Tangail court remands three persons over murder of Hindu tailor

Police in Tangail have been granted six days to grill three people arrested over the murder of a Hindu tailor.

Tangail Correspondentbdnews24.com
Published : 2 May 2016, 11:16 AM
Updated : 2 May 2016, 11:21 AM

Fifty-year-old Nikhil Chandra Joardar was hacked to death in front of his shop in Gopalpur Upazila on Saturday by motorcycle-borne assailants.

He was killed in a manner similar to that of several bloggers, rights activists and university teachers murdered in Bangladesh recently — machete-wielding attackers targeting the head to ensure immediate death.

The next day police arrested local madrasa principal and Daily Inquilab’s local correspondent Aminul Islam, Gopalpur Jamaat-e-Islami General Secretary ‘Badsha’ and a local BNP activist ‘Jhhantu’.

On Monday, police produced the three before a Tangail court and sought their remand.

The court granted police remand of three days each in two cases filed by the victim’s family over the murder and the police over seizure of bombs found in a bag left behind by the assailants.

Police said that Nikhil’s murder bore resemblance to the recent targeted killings by machete-wielding suspected Islamists.

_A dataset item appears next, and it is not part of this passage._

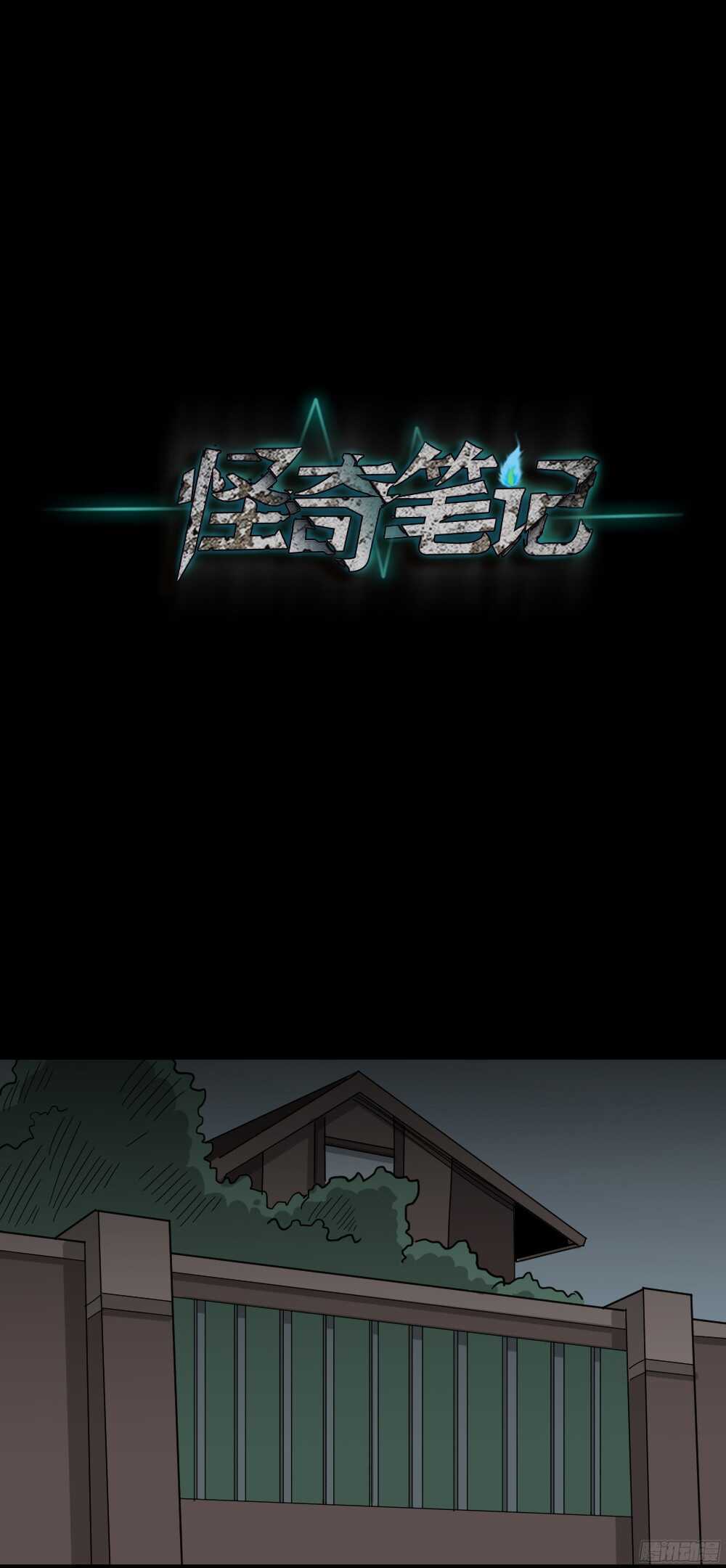 怪奇笔记韩漫全集-野味（2）无删减无遮挡章节图片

Witnesses said three men, appeared to be in their 20s, arrived at Nikhil’s shop on a motorcycle. They asked him to come outside saying that they need to talk to him.

As soon as Nikhil came out, the assailants took out machetes and hacked him mercilessly. They fled after making sure he had died.

The assailants left behind a bag, in which police found five crude bombs.

Nikhil had served a jail term of almost two months in a case over hurting religious sensitivities.

He was released after the plaintiff Aminul Islam dropped the charges against him. Islam is among the three arrested over Saturday’s murder.

Bangladesh has witnessed a surge in attacks since early last year in which secular writers, a publisher, bloggers, online activists, minority Muslim sects and other religious groups have been targeted.

The Islamic State and a group affiliated to al Qaeda have claimed responsibility for the killings, including the one on Saturday in Tangail, according to jihadist-monitoring group SITE Intelligence.